• Exercise details: Scan the entries for lines with the word "small" and copy those lines.

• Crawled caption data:
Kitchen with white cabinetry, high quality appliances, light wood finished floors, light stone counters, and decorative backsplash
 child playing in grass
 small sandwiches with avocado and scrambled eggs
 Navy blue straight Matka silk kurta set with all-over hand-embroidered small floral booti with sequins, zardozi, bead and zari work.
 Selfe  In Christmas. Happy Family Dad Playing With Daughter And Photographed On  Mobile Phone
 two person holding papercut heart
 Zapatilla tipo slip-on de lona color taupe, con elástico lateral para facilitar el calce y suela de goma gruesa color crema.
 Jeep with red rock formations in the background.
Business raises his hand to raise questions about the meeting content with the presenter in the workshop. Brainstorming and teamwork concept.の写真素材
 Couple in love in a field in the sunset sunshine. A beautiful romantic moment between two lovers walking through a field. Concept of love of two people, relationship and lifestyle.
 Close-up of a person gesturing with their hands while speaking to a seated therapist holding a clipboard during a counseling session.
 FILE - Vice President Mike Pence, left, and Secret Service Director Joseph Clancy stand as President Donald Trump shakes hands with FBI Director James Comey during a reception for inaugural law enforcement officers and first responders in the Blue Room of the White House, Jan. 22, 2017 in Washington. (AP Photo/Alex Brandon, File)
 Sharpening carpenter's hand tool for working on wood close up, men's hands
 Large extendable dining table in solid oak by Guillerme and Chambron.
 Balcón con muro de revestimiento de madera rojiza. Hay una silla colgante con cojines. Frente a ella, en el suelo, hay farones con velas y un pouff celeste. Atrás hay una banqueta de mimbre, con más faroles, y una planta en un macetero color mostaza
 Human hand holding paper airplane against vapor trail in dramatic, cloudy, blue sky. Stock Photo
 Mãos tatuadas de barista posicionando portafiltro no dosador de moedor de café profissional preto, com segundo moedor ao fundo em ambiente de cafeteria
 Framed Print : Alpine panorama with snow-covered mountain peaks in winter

• Answer to this problem:
 small sandwiches with avocado and scrambled eggs
 Navy blue straight Matka silk kurta set with all-over hand-embroidered small floral booti with sequins, zardozi, bead and zari work.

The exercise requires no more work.